> What is being asked:
Below this line are records; transcribe exactly the lines between the one holding "Hello folks and" and the one holding "Hi everyone! In", inclusive, and omit the pictures.

> Supplied material:
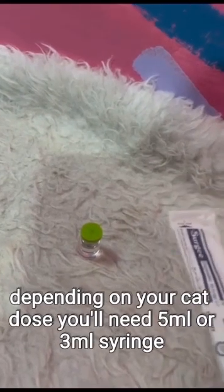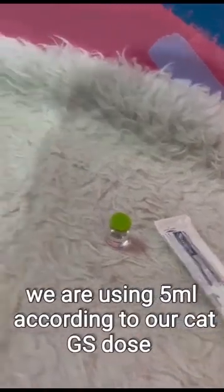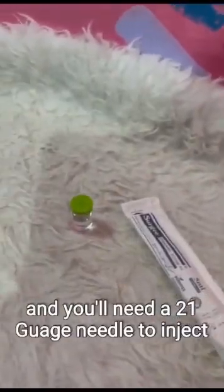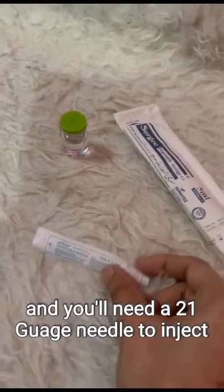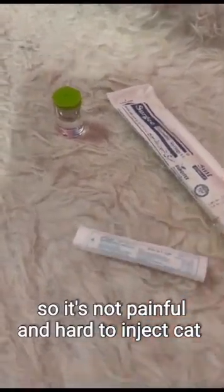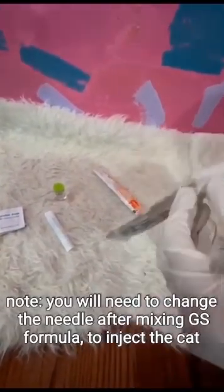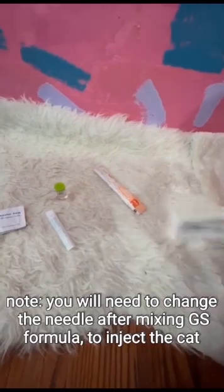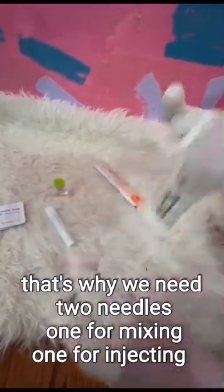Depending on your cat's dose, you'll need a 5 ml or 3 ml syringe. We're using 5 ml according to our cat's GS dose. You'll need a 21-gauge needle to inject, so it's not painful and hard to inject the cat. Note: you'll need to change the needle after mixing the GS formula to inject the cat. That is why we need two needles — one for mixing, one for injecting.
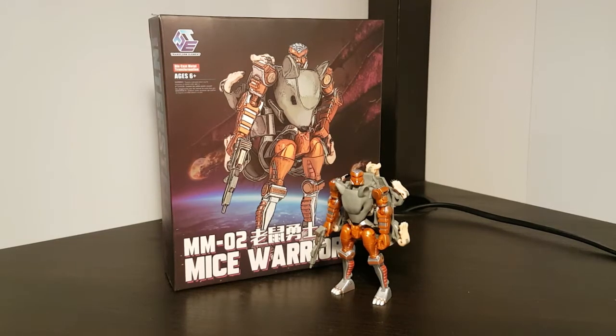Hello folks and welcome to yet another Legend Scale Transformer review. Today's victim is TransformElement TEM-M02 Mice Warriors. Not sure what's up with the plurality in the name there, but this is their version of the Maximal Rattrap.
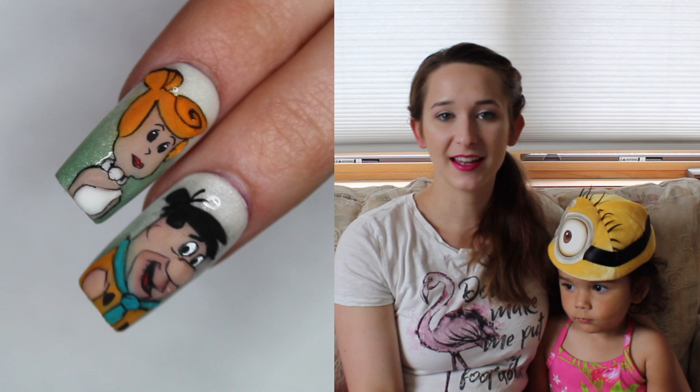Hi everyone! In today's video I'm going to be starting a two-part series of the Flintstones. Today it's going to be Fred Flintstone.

--

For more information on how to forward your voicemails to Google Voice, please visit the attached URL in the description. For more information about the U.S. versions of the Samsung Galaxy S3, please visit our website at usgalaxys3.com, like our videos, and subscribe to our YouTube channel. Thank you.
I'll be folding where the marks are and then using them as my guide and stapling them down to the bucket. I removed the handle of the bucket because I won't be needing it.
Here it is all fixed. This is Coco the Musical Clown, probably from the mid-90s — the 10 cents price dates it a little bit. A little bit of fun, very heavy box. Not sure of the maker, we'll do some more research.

> Solution to this exercise:
Hello folks and welcome to yet another Legend Scale Transformer review. Today's victim is TransformElement TEM-M02 Mice Warriors. Not sure what's up with the plurality in the name there, but this is their version of the Maximal Rattrap.
Hi everyone! In today's video I'm going to be starting a two-part series of the Flintstones. Today it's going to be Fred Flintstone.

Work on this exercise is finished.